9.タキは、異世界で処女作を作る3
9.タキは、異世界で処女作を作る3
200個ほどの作品群の中で、まともに焼けたのは、30点ほどだった。後はヒビが入ったり割れたりしていた。
30点ほどのの良品のなかに極めて異質な作品が一つ。形状は茶碗。色は漆黒の中にキラリと光る魔力結晶?二度と作れないのではないかと思われる程の作品がそこにはあった。
穴窯のドウギといって、ドーム手前にある空間の1番炎が当たる場所にあった作品。
魔術師たちの火魔術がそそがれ続けた器。
仮定だが、魔力には人それぞれ色があり、色の違う魔術師たちの魔力が混ざり合った結果、漆黒になったのだと思う。
生前の知識では、化合物として鉄を10%近く釉薬(陶芸の塗料)に添付すると黒くなるのだが、鉄などくべていなかったので、今回は、魔力のせいだろう。
早速、出来上がった作品を魔術師を手配してくれた父マキに見せてみた。
タキ「父様。
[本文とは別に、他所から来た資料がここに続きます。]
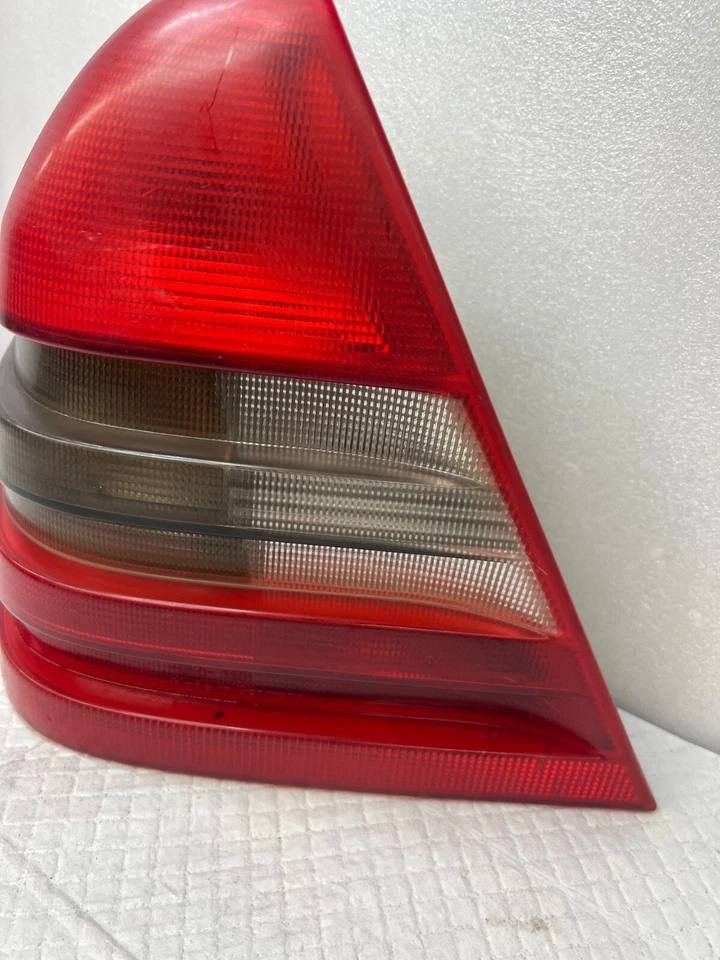 Mercedes-Benz C280 1995 lado del conductor izquierdo lr luz trasera lámpara fabricante de equipos originales (D5-61) Foto 3 de 4
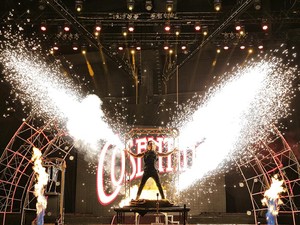 Libur Akhir Tahun ke Trans Studio Bandung, Nonton Pesulap Cosentino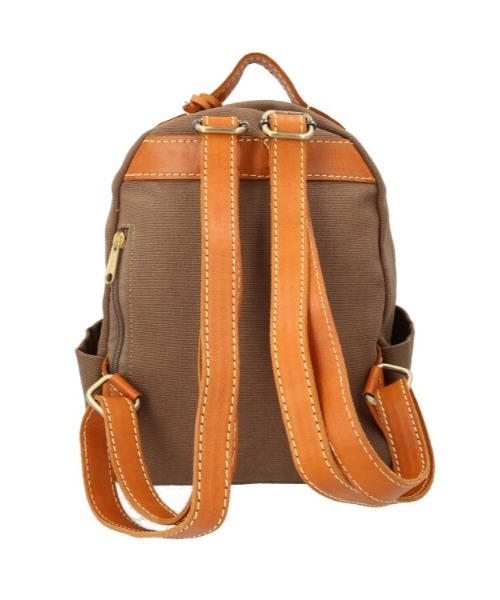 zucchero（ズッケロ）の「zucchero キャンバスxカウレザー リュック（バックパック/リュック・レディース・ブラウン/ネイビー/カーキ・FREE）」の5枚目の写真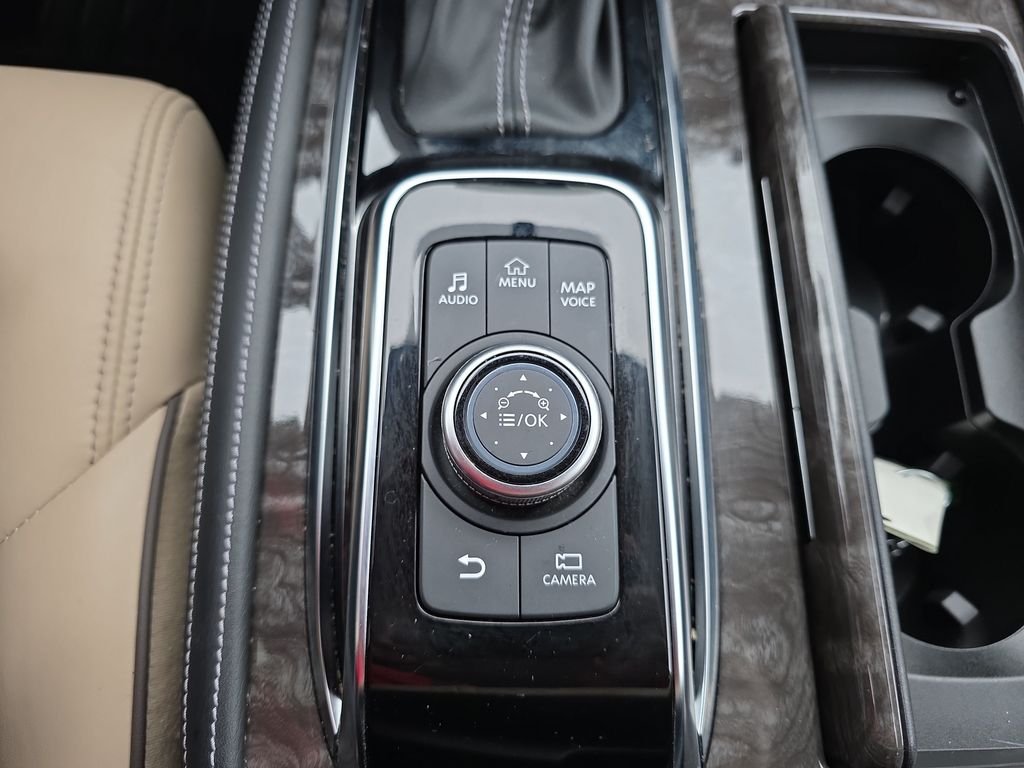 Used 2023 White Nissan Platinum image 31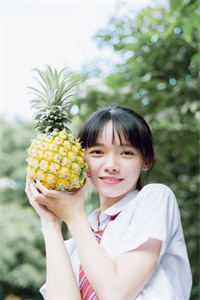 荒野求生背后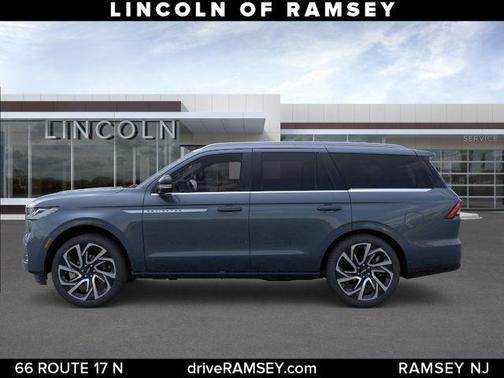 FLIGHT BLUE METALLIC CC 2026 Lincoln Navigator Reserve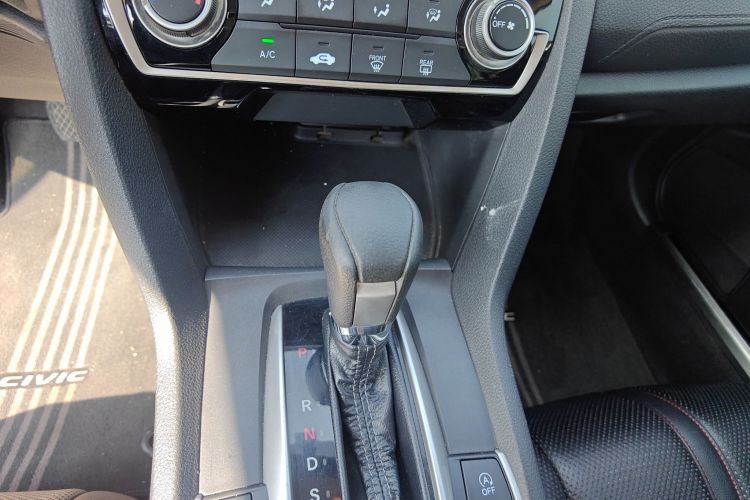 本田 思域 2016款 180TURBO CVT舒适版局部细节18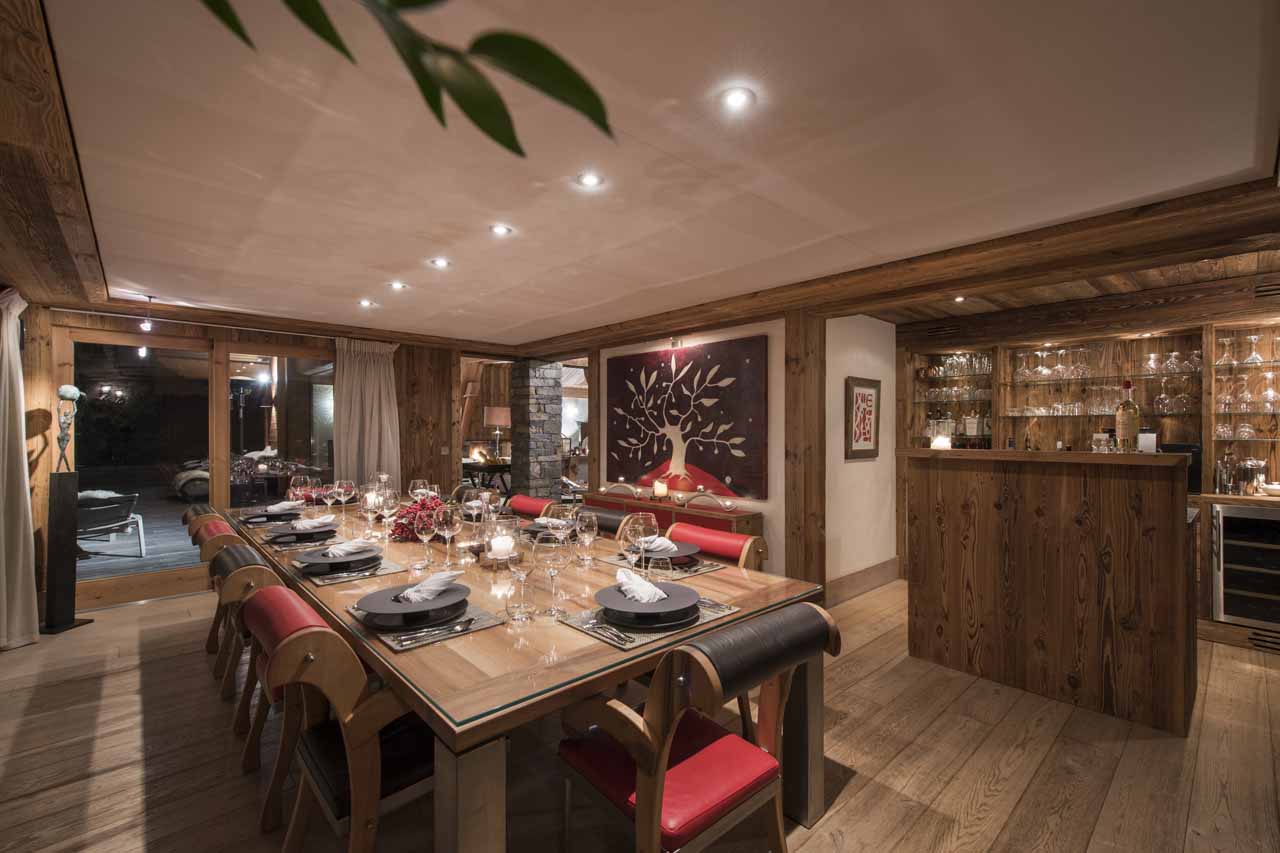 Dining room at night in Chalet Mont Tremblant in Meribel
実験の研究結果をお持ちしましたのでお時間頂いても宜しいでしょうか?」
父マキ「なんと!もう結果がでたのか!?
早速みせてくれ」
タキ「こちらが研究結果でございます」
異世界チャーワンムにはない素材の陶器の器を披露した。
父マキ「このピカピカした器状のモノか?
これは、食器であるな。。。
何と美しい。。。
吸い込まれるような漆黒。
ガラスのようでガラスではない。
素晴らしいではないか!
この器が公になれば、食卓が変わるぞ!」
父マキ心の声(これは、ツカナギ家に反映をもたらすモノになるやもしれんな。)
チャーワンムの世界の食器は、平民で木材、貴族以上で銀の器が主流だ。中には平民でも銀の器を使用しているが、食材を盛る為だけの簡素な作りになっている。
陶器の様々な色の器が世にでれば、食事がより一層楽しくなるはずだ!
タキ心の声(作品を発表するタイミングを考えなければならないな。兄アキより功績を収めるのも角が立つ。
それと、チャーワンムの美術世界をもっと知った上で行動した方が良いかもしれん。